Well, I think it might. Given one only has rational probabilities, then when integrating, one is actually faced with a reduced set of numbers. In other words, there is no such thing as an irrational probability.
From a practical perspective, does it matter if certain probability is rational or not? In practice all we need is a good enough rational approximation.
Fair enough, from a practical point of view; but, if we are technically only allowed to integrate functions on the rationals, then our entire calculus collapses! Keep in mind, that practically speaking, it still works; but, it works only because of our sloppiness, hand-waving and overlooking certain realities.
In other words, in the case of a Dirichlet function, the Riemann sum is either zero or unity; hence, the sum of probabilities amount to nothing short of a Bernoulli trial. That makes for a rather large margin of error.
It does not collapse if we deal with locally uniformly continuous functions. Dirichlet function is not the same as its continuation by continuity from rationals to reals. Get over it, Riemann integration of uniformly continuous functions over rationals woks just fine, and not because of our sloppiness, but because of our judicious choice of the functions we integrate.
I don't think you get it, Mike. A constant function IS uniformly continuous on any interval. It's not the function that is under scrutiny, but it is the field of numbers allowed to generate subintervals for summation. Once again, I can multiply any function by the Dirichlet function and the result is the same: not Riemann integrable.
Oh, thanks for the bloody down vote, Mike!
No, it is you who don't get it. The Dirichlet function on rationals is a constant, and no irrationals are involved in Riemann integral of uniformly continuous function over rationals. You sound more and more like a broken record, and it is getting hard to keep up a conversation.
Dear Mr Michael Livshits,
Maybe the problem in this discussion is because people have different views of what an integral is.

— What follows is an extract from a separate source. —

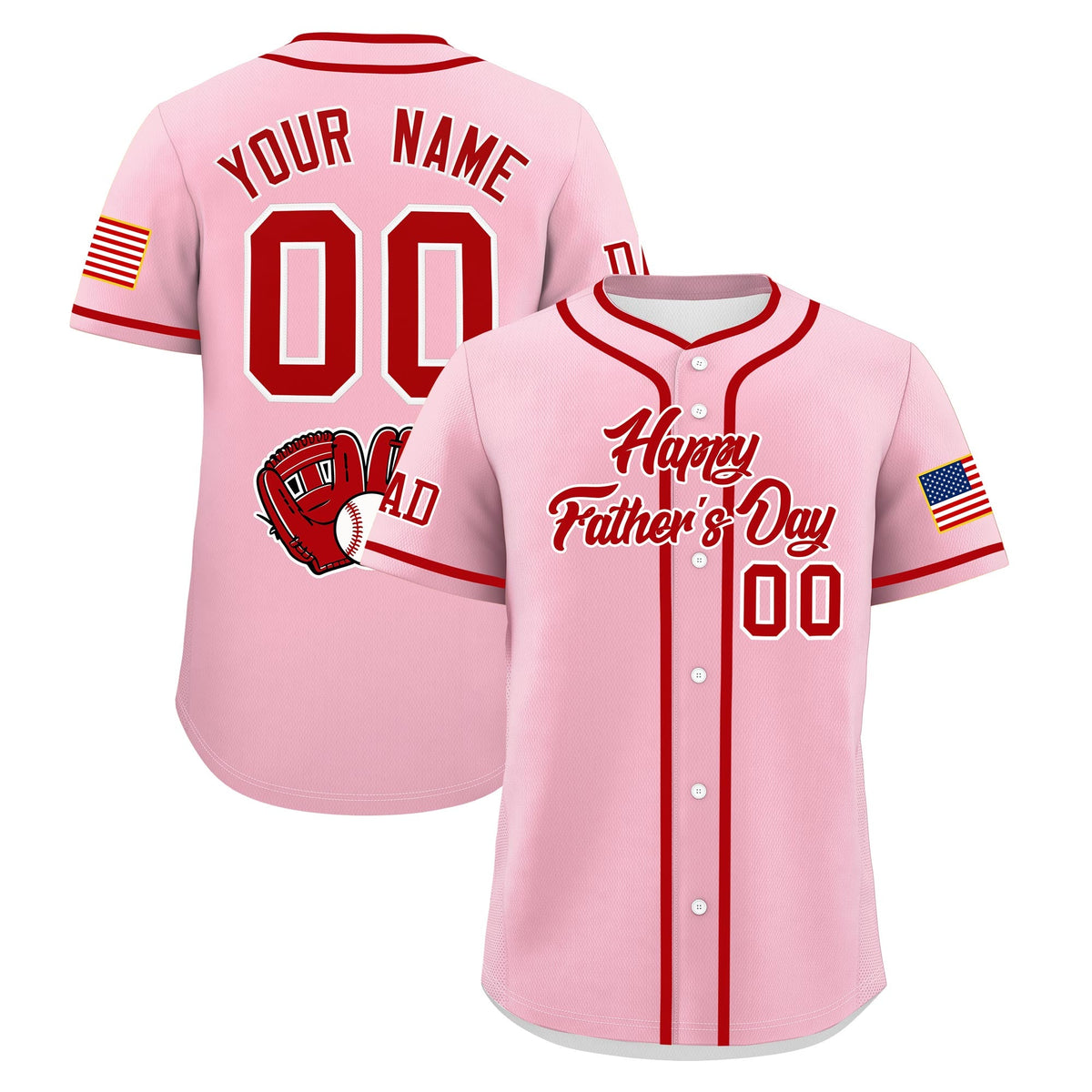 Custom Light Pink Red White Classic Style Father's Day Quick Dry Baseball Jersey| KXKSHOP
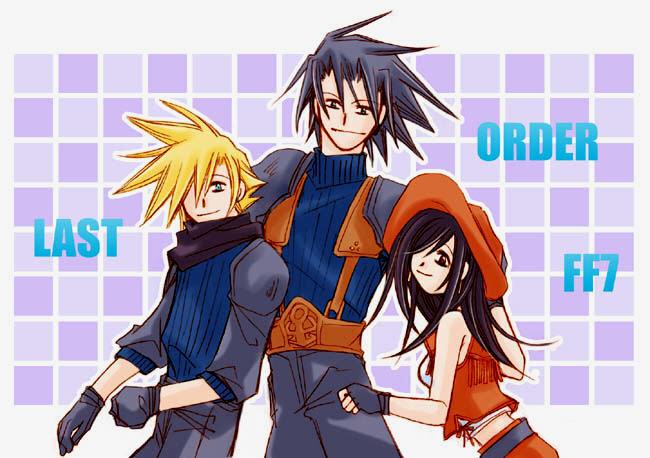 00s, 1990s_(style), 1girl, 2boys, aqua_eyes, black_gloves, black_hair, blonde_hair, blue_eyes, brown_eyes, checkered_background, classica, cloud_strife, cowboy_hat, final_fantasy, final_fantasy_vii, fingerless_gloves, fringe_trim, gloves, hat, last_order:_final_fantasy_vii, midriff, multiple_boys, retro_artstyle, scarf, simple_background, spiked_hair, standing, text_focus, tifa_lockhart, turtleneck, vest, zack_fair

My conception of an integral is that it is an area under a curve, which can be a limit. (No need for a limit if the function is constant or first degree, for example, as we can get the area otherwise).
It is the sum of the products of infinitesimal non-zero measures of intervals that form a partition of the definition set, each of these being multiplied by a value of the function on that interval (given by the mean value theorem).
The result should be independent of the choice of this partition. This works with Riemann and Lebesgue.
Now I also have a problem with integration on the rationals only, because this will not give an area (definition set is not compact), and the x-values for the mean theorem on each interval of the partition could be irrationals.
Can you please tell me if you use a different definition of an integral, and an explicit (judicious!) example of a simple function you choose to integrate?
It's one thing to voice your displeasure, but to shell out down votes like they're skittles just ain't cool! Mike...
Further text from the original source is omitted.